On line 2, we define the Swift enum. This looks similar to the enum above, but we’ve added Strings for raw values to give us a way to collate each species with a String value. We’re also adding the CaseIterable protocol. You’ll see why below.

Next, we change Camelid’s single member to a CamelidType. Instead of initializing it with a String, we use .Unknown, which is shorthand for CamelidType.Unknown.

enum CamelidType: String, CaseIterable {
   case Unknown = "Unknown"
   case Alpaca = "Alpaca"
   case Camel = "Camel"
   case Llama = "Llama"
}

class Camelid: ObservableObject {
   @Published var species: CamelidType = .Unknown
}

var camelid: Camelid = Camelid()


@main
struct Swift_EnumsApp: App {
   var body: some Scene {
       WindowGroup {
           ContentView(camelid: camelid)
       }
   }
}

On line 12, we create the CamelId and pass it into the view on startup, just as before.

So let’s take a look at the view. This is where we’ll see the benefits of an enum over a String.

On lines 8–17, the if/else block is replaced with a shorter and easier-to-scan switch block. Instead of comparing String values, we switch on the enum cases.

Then, starting on line 19, we use CamelidType to define our buttons. Since we defined it with the CaseIterable protocol, we can use the allCases member to get a list of cases and put their rawValues in a map. Then we use the map to create the buttons. We skip the .Unknown case since we don’t want a button for it.

Finally, we change setCamelid() so it will work for the unit tests.
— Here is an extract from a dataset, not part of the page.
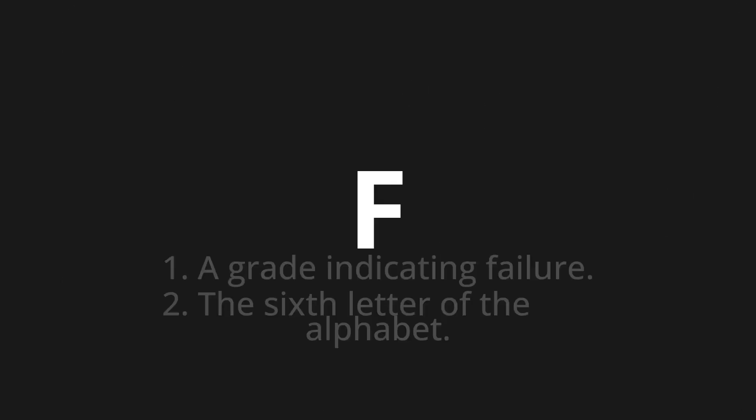F — which means: 1. A grade indicating failure. 2. The sixth letter of the alphabet.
Instead of using a String to set a species, we have a finite set of type-checked values.

When you run this new version of the application, it should work identically to the other.
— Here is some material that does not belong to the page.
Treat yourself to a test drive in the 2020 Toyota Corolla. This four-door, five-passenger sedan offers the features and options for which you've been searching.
struct ContentView: View {

   @ObservedObject var camelid: Camelid

   var body: some View {
       VStack {
           switch (camelid.species) {
               case .Unknown:
                   Text("")
                       .foregroundColor(.blue)
               case .Alpaca:
                   Text("I see an \(camelid.species.rawValue)")
                       .foregroundColor(.blue)
               default:
                   Text("I see a \(camelid.species.rawValue)")
                       .foregroundColor(.blue)
           }

           let values: [String] = CamelidType.allCases.map{ $0.rawValue}

           ForEach(Array(values.enumerated()), id:\.1) { (n, camelidType) in

               if (camelidType != "Unknown") {
                   Spacer()
                       .frame(height: 50)
                   Button(camelidType) {
                       self.setCamelid(species: CamelidType(rawValue: camelidType)!)
                   }
                   .buttonStyle(PlainButtonStyle())
                   .foregroundColor(.blue)
               }

           }
       }
   }

   func setCamelid(species: CamelidType) {
       camelid.species = species
   }
}
swift enum pull quote

Testing With Enum

The only change to the test code is to the setCamelid() calls. Change it from a String to the corresponding enum value.
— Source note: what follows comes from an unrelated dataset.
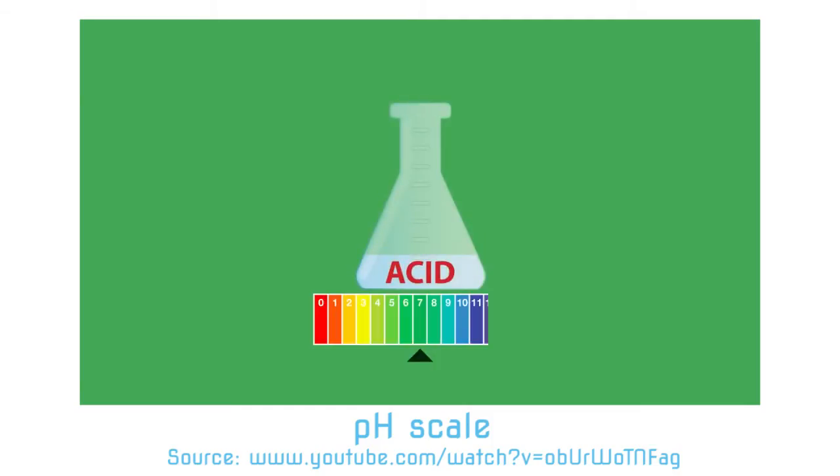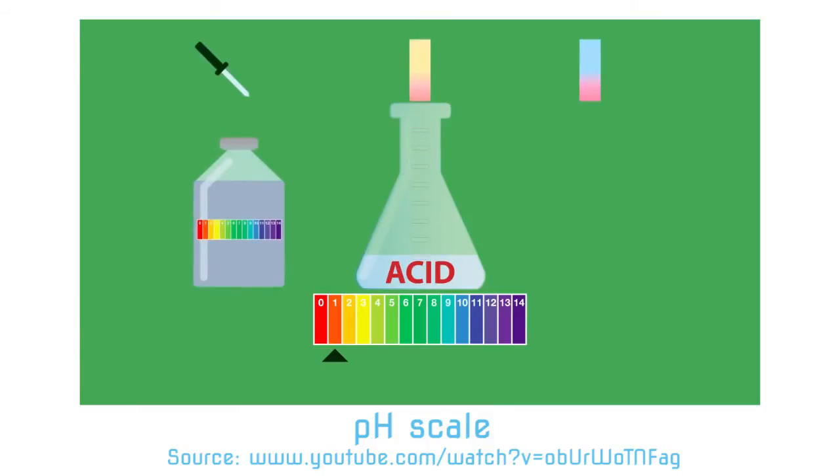Almost all liquids are either acid or bases and they have some degree of how strong they are. This value we call pH. Scientists use a measurement to measure how strong they are — this is the pH value, and it is a scale which goes from 1 to 14.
That’s because of how the snapshot API works. We can’t iterate over the CamelidType enum as we did in the ContentView. It doesn’t know how to create different snapshots for each loop iteration inside the same test case.

Snapshot testing is great, but it’s still limited. In a more complex application, you could develop more unit tests or use Xcode UI tests to read alerts or accessibility values. But sometimes writing tests feels like the tail is wagging the dog.

That’s when no-code testing tools come to the rescue. Waldo has tools for recording and writing automated tests in your browser without a single line of code.

Adding a New Camelid With Enum

Let’s add a dromedary to the application.

Add a new case to the Camelid enum.

enum CamelidType: String, CaseIterable {
   case Unknown = "Unknown"
   case Alpaca = "Alpaca"
   case Camel = "Camel"
   case Llama = "Llama"
   case Dromedary = "Dromedary"
}

Now run the application.

running the application

“Dromedary” is there, and the button works!

Level Up With Swift Enums

We created a simple iOS application that changed its view based on which button you tapped. The initial version used String comparisons to determine how to react. We refactored it to use Swift enum to respond to the buttons and create them too.

Get started leveling up your code with Swift enums and Waldo tests today!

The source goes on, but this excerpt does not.